*TASK STATEMENT*.
Your answer must be an exact transcription of every record.

*DATASET EXTRACT*.
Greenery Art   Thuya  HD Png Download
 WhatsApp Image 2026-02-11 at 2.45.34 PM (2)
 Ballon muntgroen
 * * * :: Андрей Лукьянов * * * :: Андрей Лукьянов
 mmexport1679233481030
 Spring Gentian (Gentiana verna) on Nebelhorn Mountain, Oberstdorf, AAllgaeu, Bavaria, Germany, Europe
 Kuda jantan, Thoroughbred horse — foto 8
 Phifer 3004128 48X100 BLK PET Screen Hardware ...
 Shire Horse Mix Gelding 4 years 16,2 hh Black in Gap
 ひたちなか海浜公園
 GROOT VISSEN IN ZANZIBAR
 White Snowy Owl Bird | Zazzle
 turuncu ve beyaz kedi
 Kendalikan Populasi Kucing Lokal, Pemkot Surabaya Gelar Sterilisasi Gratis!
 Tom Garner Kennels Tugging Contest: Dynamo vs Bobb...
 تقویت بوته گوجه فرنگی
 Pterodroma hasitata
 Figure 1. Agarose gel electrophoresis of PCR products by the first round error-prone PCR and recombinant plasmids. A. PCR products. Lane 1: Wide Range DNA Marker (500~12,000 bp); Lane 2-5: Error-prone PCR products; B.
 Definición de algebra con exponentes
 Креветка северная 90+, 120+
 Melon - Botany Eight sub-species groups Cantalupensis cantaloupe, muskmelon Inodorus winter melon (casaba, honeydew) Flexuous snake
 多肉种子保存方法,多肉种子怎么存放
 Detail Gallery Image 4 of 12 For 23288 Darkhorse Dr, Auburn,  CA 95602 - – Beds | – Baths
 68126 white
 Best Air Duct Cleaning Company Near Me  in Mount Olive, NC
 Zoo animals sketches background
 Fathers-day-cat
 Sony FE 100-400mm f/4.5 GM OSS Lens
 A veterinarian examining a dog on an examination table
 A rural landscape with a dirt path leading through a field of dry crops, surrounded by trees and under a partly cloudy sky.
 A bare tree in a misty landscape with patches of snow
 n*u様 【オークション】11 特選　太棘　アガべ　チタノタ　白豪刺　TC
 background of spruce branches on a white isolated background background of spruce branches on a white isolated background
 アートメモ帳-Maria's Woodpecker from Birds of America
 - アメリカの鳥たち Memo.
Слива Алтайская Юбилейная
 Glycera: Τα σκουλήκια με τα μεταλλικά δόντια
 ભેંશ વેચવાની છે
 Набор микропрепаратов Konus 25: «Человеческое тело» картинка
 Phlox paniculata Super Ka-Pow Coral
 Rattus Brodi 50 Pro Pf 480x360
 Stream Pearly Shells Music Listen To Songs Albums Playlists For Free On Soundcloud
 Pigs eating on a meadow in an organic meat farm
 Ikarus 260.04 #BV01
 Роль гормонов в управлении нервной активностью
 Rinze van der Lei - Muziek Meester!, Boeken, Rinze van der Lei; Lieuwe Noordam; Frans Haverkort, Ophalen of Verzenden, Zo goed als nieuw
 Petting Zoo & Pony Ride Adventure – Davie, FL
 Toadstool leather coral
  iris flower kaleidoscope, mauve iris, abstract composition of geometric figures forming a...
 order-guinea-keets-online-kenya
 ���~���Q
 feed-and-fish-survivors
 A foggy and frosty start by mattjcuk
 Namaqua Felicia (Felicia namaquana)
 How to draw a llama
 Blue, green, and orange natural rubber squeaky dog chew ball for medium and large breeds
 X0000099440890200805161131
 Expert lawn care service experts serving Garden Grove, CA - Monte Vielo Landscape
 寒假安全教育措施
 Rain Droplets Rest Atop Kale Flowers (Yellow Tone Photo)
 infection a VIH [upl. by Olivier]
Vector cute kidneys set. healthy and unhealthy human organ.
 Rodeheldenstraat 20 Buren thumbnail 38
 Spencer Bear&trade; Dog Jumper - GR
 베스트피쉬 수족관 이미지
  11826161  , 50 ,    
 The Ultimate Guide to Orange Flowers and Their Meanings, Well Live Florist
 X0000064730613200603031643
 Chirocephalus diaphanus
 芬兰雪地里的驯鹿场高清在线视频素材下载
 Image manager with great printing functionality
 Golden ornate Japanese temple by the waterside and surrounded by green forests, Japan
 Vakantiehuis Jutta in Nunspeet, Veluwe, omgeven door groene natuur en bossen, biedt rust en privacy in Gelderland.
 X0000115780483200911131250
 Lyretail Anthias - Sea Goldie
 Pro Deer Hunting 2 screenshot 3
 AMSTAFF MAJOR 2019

*FINAL ANSWER*.
Greenery Art   Thuya  HD Png Download
 WhatsApp Image 2026-02-11 at 2.45.34 PM (2)
 Ballon muntgroen
 * * * :: Андрей Лукьянов * * * :: Андрей Лукьянов
 mmexport1679233481030
 Spring Gentian (Gentiana verna) on Nebelhorn Mountain, Oberstdorf, AAllgaeu, Bavaria, Germany, Europe
 Kuda jantan, Thoroughbred horse — foto 8
 Phifer 3004128 48X100 BLK PET Screen Hardware ...
 Shire Horse Mix Gelding 4 years 16,2 hh Black in Gap
 ひたちなか海浜公園
 GROOT VISSEN IN ZANZIBAR
 White Snowy Owl Bird | Zazzle
 turuncu ve beyaz kedi
 Kendalikan Populasi Kucing Lokal, Pemkot Surabaya Gelar Sterilisasi Gratis!
 Tom Garner Kennels Tugging Contest: Dynamo vs Bobb...
 تقویت بوته گوجه فرنگی
 Pterodroma hasitata
 Figure 1. Agarose gel electrophoresis of PCR products by the first round error-prone PCR and recombinant plasmids. A. PCR products. Lane 1: Wide Range DNA Marker (500~12,000 bp); Lane 2-5: Error-prone PCR products; B.
 Definición de algebra con exponentes
 Креветка северная 90+, 120+
 Melon - Botany Eight sub-species groups Cantalupensis cantaloupe, muskmelon Inodorus winter melon (casaba, honeydew) Flexuous snake
 多肉种子保存方法,多肉种子怎么存放
 Detail Gallery Image 4 of 12 For 23288 Darkhorse Dr, Auburn,  CA 95602 - – Beds | – Baths
 68126 white
 Best Air Duct Cleaning Company Near Me  in Mount Olive, NC
 Zoo animals sketches background
 Fathers-day-cat
 Sony FE 100-400mm f/4.5 GM OSS Lens
 A veterinarian examining a dog on an examination table
 A rural landscape with a dirt path leading through a field of dry crops, surrounded by trees and under a partly cloudy sky.
 A bare tree in a misty landscape with patches of snow
 n*u様 【オークション】11 特選　太棘　アガべ　チタノタ　白豪刺　TC
 background of spruce branches on a white isolated background background of spruce branches on a white isolated background
 アートメモ帳-Maria's Woodpecker from Birds of America
 - アメリカの鳥たち Memo.
Слива Алтайская Юбилейная
 Glycera: Τα σκουλήκια με τα μεταλλικά δόντια
 ભેંશ વેચવાની છે
 Набор микропрепаратов Konus 25: «Человеческое тело» картинка
 Phlox paniculata Super Ka-Pow Coral
 Rattus Brodi 50 Pro Pf 480x360
 Stream Pearly Shells Music Listen To Songs Albums Playlists For Free On Soundcloud
 Pigs eating on a meadow in an organic meat farm
 Ikarus 260.04 #BV01
 Роль гормонов в управлении нервной активностью
 Rinze van der Lei - Muziek Meester!, Boeken, Rinze van der Lei; Lieuwe Noordam; Frans Haverkort, Ophalen of Verzenden, Zo goed als nieuw
 Petting Zoo & Pony Ride Adventure – Davie, FL
 Toadstool leather coral
  iris flower kaleidoscope, mauve iris, abstract composition of geometric figures forming a...
 order-guinea-keets-online-kenya
 ���~���Q
 feed-and-fish-survivors
 A foggy and frosty start by mattjcuk
 Namaqua Felicia (Felicia namaquana)
 How to draw a llama
 Blue, green, and orange natural rubber squeaky dog chew ball for medium and large breeds
 X0000099440890200805161131
 Expert lawn care service experts serving Garden Grove, CA - Monte Vielo Landscape
 寒假安全教育措施
 Rain Droplets Rest Atop Kale Flowers (Yellow Tone Photo)
 infection a VIH [upl. by Olivier]
Vector cute kidneys set. healthy and unhealthy human organ.
 Rodeheldenstraat 20 Buren thumbnail 38
 Spencer Bear&trade; Dog Jumper - GR
 베스트피쉬 수족관 이미지
  11826161  , 50 ,    
 The Ultimate Guide to Orange Flowers and Their Meanings, Well Live Florist
 X0000064730613200603031643
 Chirocephalus diaphanus
 芬兰雪地里的驯鹿场高清在线视频素材下载
 Image manager with great printing functionality
 Golden ornate Japanese temple by the waterside and surrounded by green forests, Japan
 Vakantiehuis Jutta in Nunspeet, Veluwe, omgeven door groene natuur en bossen, biedt rust en privacy in Gelderland.
 X0000115780483200911131250
 Lyretail Anthias - Sea Goldie
 Pro Deer Hunting 2 screenshot 3
 AMSTAFF MAJOR 2019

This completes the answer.